Danafar H, Rostamizadeh K, Davaran S, Hamidi M
Faculty of Pharmacy, Tabriz University of Medical Sciences , Tabriz , Iran .
Drug Dev Ind Pharm. 2014 Oct;40(10):1411-20. doi: 10.3109/03639045.2013.828223. Epub 2013 Aug 14.
Tri-block poly(lactide)-poly(ethylene glycol)-poly(lactide) (PLA-PEG-PLA) copolymers were synthesized and used to prepare polymersomes loaded separately by the hydrophobic and hydrophilic model drugs, atorvastatin and lisinopril, respectively. The resulting nanostructures were characterized by various techniques such as FTIR, DSC, PCS and AFM. The polymersomes exhibited high encapsulation efficiencies of almost 78% and 70.8% for atorvastatin and lisinopril, respectively. Investigation on FTIR and DSC results revealed that such a high encapsulation efficiency is due to strong interaction between atorvastatin and the copolymer. The impact of drug/copolymer ratio and copolymer composition on drug-loading efficiency and drug release behavior were also studied. The results showed that in case of lisinopril, polymersomes exhibited a triphasic drug release, while for atorvastatin a biphasic release profile was obtained. Overall, the results indicated that PLA-PEG-PLA polymersomes can be considered as a promising carrier for both hydrophilic and hydrophobic drugs.

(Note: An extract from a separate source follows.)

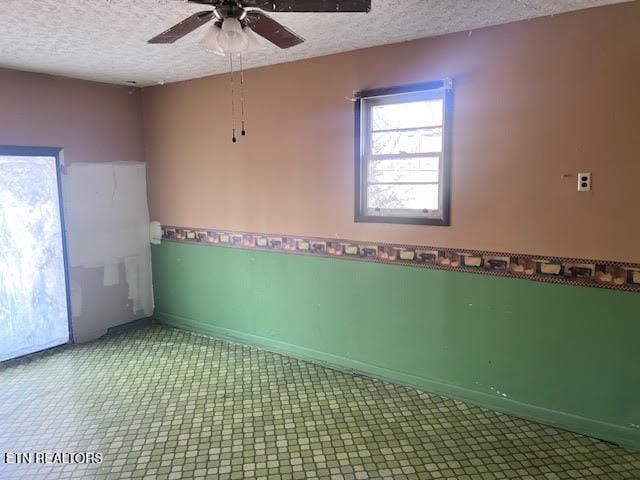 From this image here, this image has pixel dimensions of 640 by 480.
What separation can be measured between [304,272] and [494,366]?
1587 millimetres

合成了三嵌段聚(丙交酯)-聚(乙二醇)-聚(丙交酯)(PLA-PEG-PLA)共聚物,并分别用于制备由疏水和亲水模型药物阿托伐他汀和赖诺普利单独负载的聚合物囊泡。通过傅里叶变换红外光谱(FTIR)、差示扫描量热法(DSC)、动态光散射(PCS)和原子力显微镜(AFM)等多种技术对所得纳米结构进行了表征。聚合物囊泡对阿托伐他汀和赖诺普利的包封效率分别高达78%和70.8%。对FTIR和DSC结果的研究表明,如此高的包封效率是由于阿托伐他汀与共聚物之间的强相互作用。还研究了药物/共聚物比例和共聚物组成对载药效率和药物释放行为的影响。结果表明,对于赖诺普利,聚合物囊泡呈现三相药物释放,而对于阿托伐他汀则获得双相释放曲线。总体而言,结果表明PLA-PEG-PLA聚合物囊泡可被视为亲水性和疏水性药物的有前途的载体。